=== Items from a dataset ===
= Beginning of Section =
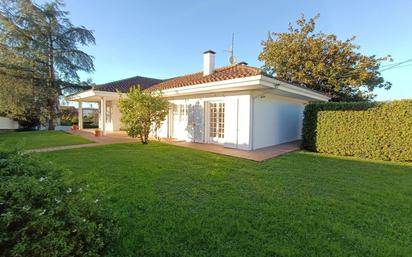 Jardí de Casa o xalet en venda en Torrelavega  amb Calefacció i Jardí privat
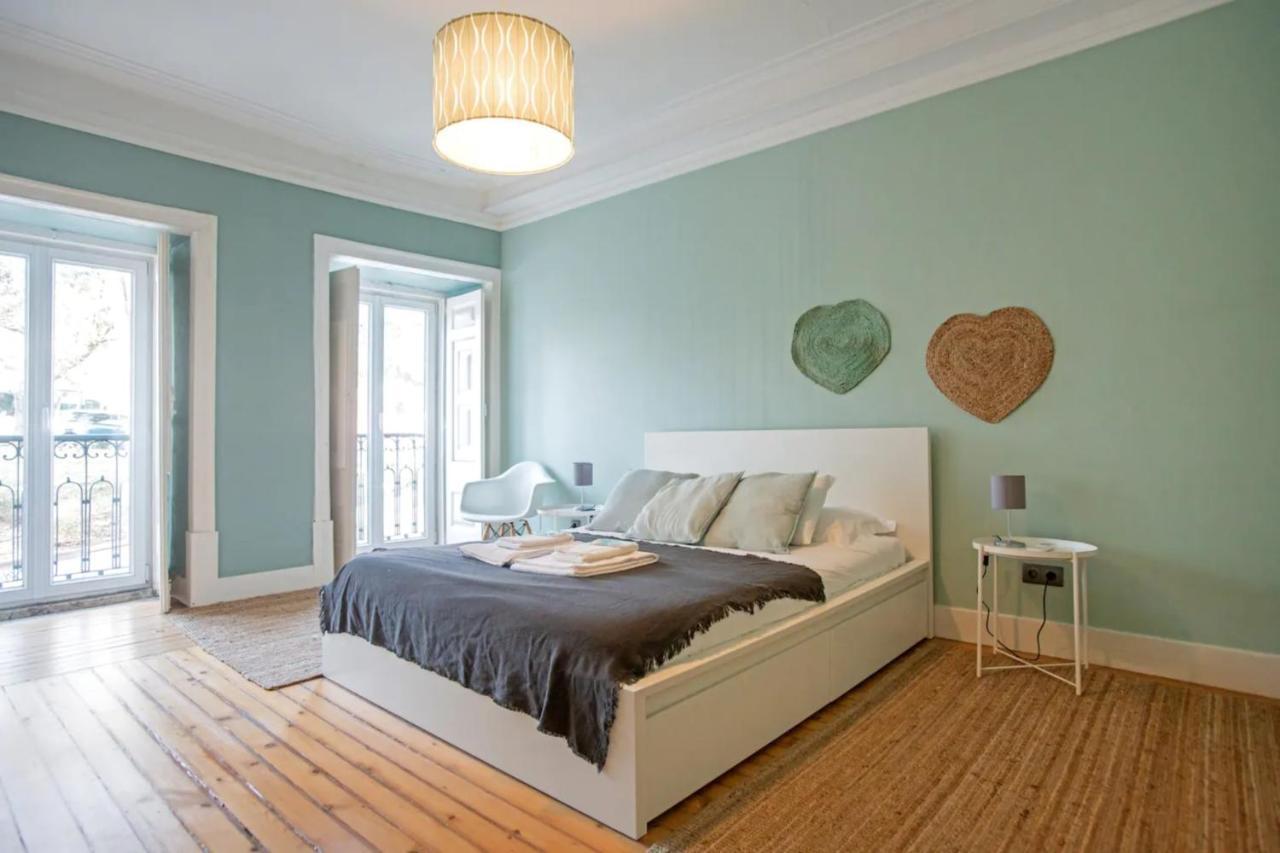 Peaceful 2bedrooms W Patio In Lisbon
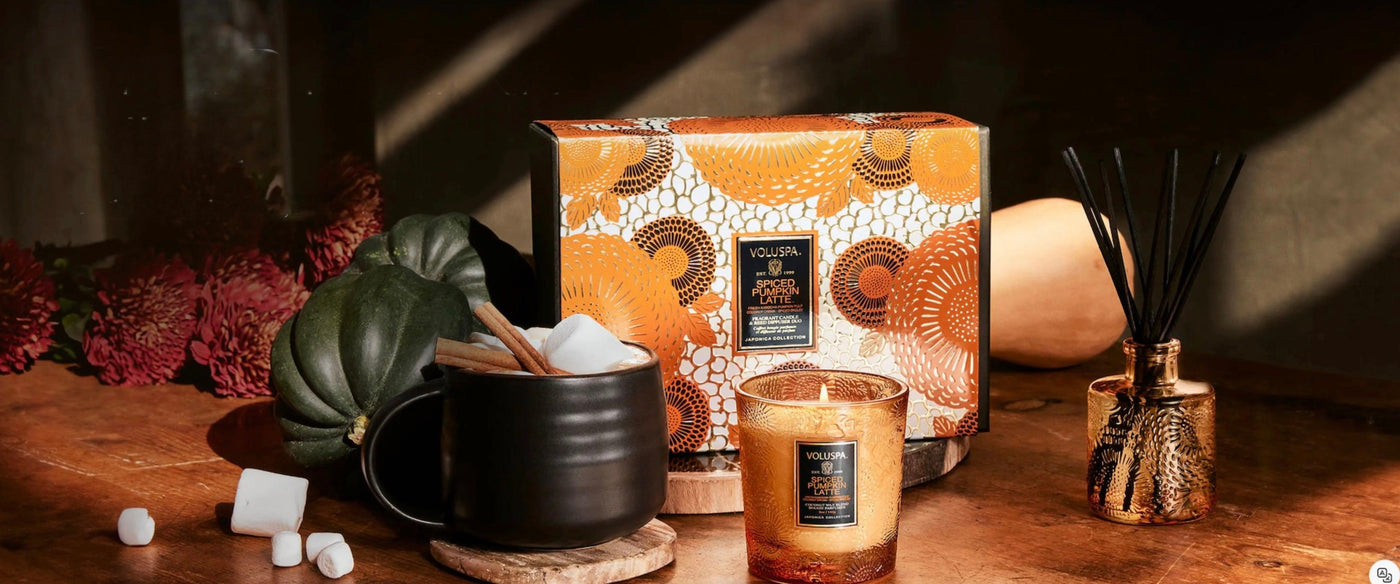 Voluspa Geschenkset Spiced Pumpkin Latte Limited Holiday Edition | Demi Candle & Diffuser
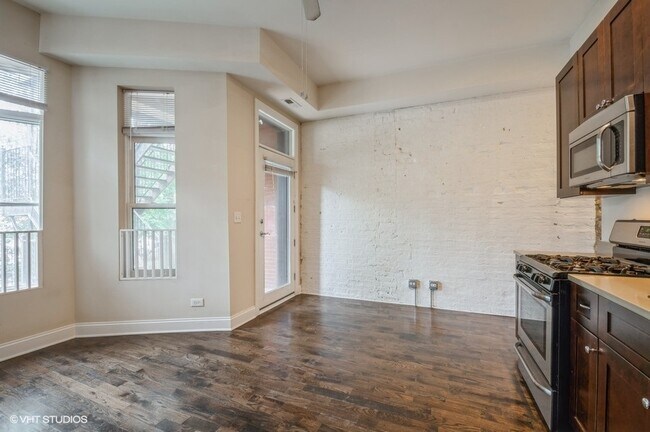 Building Photo - *Virtual Tour Available*Stunning Condo Qua...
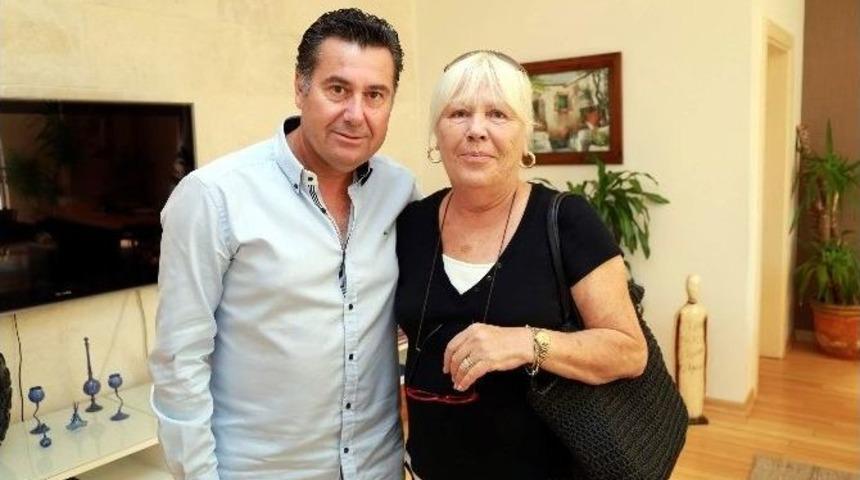 &Uuml;nl&uuml; Karikat&uuml;rist Bedri Koraman, Bodrum&rsquo;da Anılacak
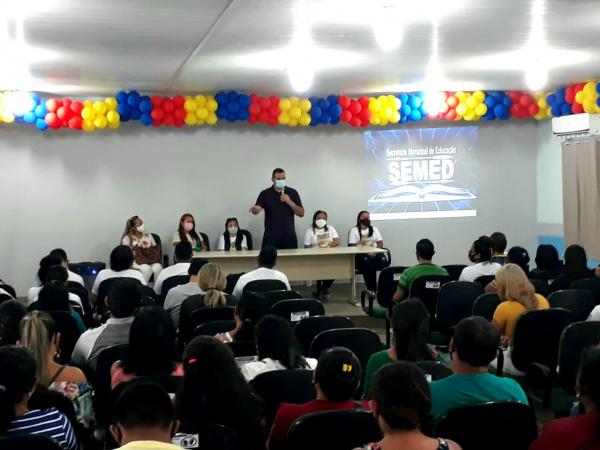 Ano letivo para escolas da Área de Várzea de Parintins inicia com curso de formação pedagógica 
= End of Section =
With all pictures omitted, return exactly the lines from the one containing "Peaceful 2bedrooms W Patio In Lisbon" through the end of the entries above.

 Peaceful 2bedrooms W Patio In Lisbon
 Voluspa Geschenkset Spiced Pumpkin Latte Limited Holiday Edition | Demi Candle & Diffuser
 Building Photo - *Virtual Tour Available*Stunning Condo Qua...
 &Uuml;nl&uuml; Karikat&uuml;rist Bedri Koraman, Bodrum&rsquo;da Anılacak
 Ano letivo para escolas da Área de Várzea de Parintins inicia com curso de formação pedagógica 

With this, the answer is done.